Carlson praised Cooper as “the best and most honest popular historian in the United States,” and lauded his work on the “forbidden” topic of “trying to understand World War II.”
Cooper’s “just asking questions” style of ahistorical revisionism … frequently includes Nazi apologia and Holocaust skepticism.
Putting aside the abject silliness of saying World War II is a “forbidden” subject anywhere on this planet, the appearance was of a piece with Cooper’s “just asking questions” style of ahistorical revisionism, which frequently includes Nazi apologia and Holocaust skepticism. He called Winston Churchill “the chief villain of World War II” and said that the murder of 6 million Jews was “humane” because there was no food to feed the “prisoners of war.”
These sentiments are hardly uncommon in Cooper’s output. In a since-deleted tweet from July, Cooper posted two photos. One was of Adolf Hitler and his high command stalking through Paris, with the Eiffel Tower in the background. The other was of drag performers in the Paris Olympics opening ceremony — who appeared on the TV broadcast for mere moments. Cooper wrote that the Nazi victory lap photo was “infinitely preferable in virtually every way” to the Olympics photo. And there’s no reason to believe this was mere trolling.

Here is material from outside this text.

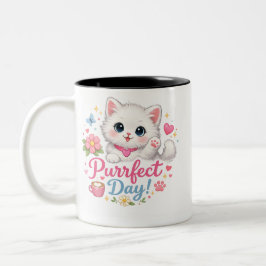 Em Dois Tons Caneca de Café Gatinho Fofo Dia Perfeito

Pretty gross, right? So where did this guy come from? How did he cultivate such a large audience?
It all started with a long Twitter thread back in July 2021, in which Cooper credited “discussions w/enough Boomer-tier Trump supporters who believe the 2020 election was fraudulent” for his ability to “extract a general theory about their perspective.” In dozens of tweets, Cooper purported to explain the reasons that tens of millions of Americans believed Trump’s thoroughly and decisively debunked “Big Lie.”
In short, he claimed, it’s all the mainstream media and institutions’ fault. Trump-supporting boomers can’t be expected to have agency, nor can they be blamed for believing “grifters and media scam artists selling them conspiracy theories.” In Cooper’s telling, they are mere victims in a grand conspiracy to mislead the public — and therefore can’t be blamed for latching on to Trump’s craven, democracy-assaulting lie.
According to Cooper, “the behavior of the corporate press is really what radicalized them. They hate journalists more than they hate any politician or gov’t official, because they feel most betrayed by them.”
It’s the “look what you made me do” defense, but about a baseless fraud that continues to rip the country apart.
The thread continued with vague innuendos and a gish-gallop of semi-relevant information, but at no time did it put any responsibility at the feet of Trump, Carlson or any other “grifters and media scam artists” who brain-poisoned their followers with an entirely false narrative that most of them believe to this day.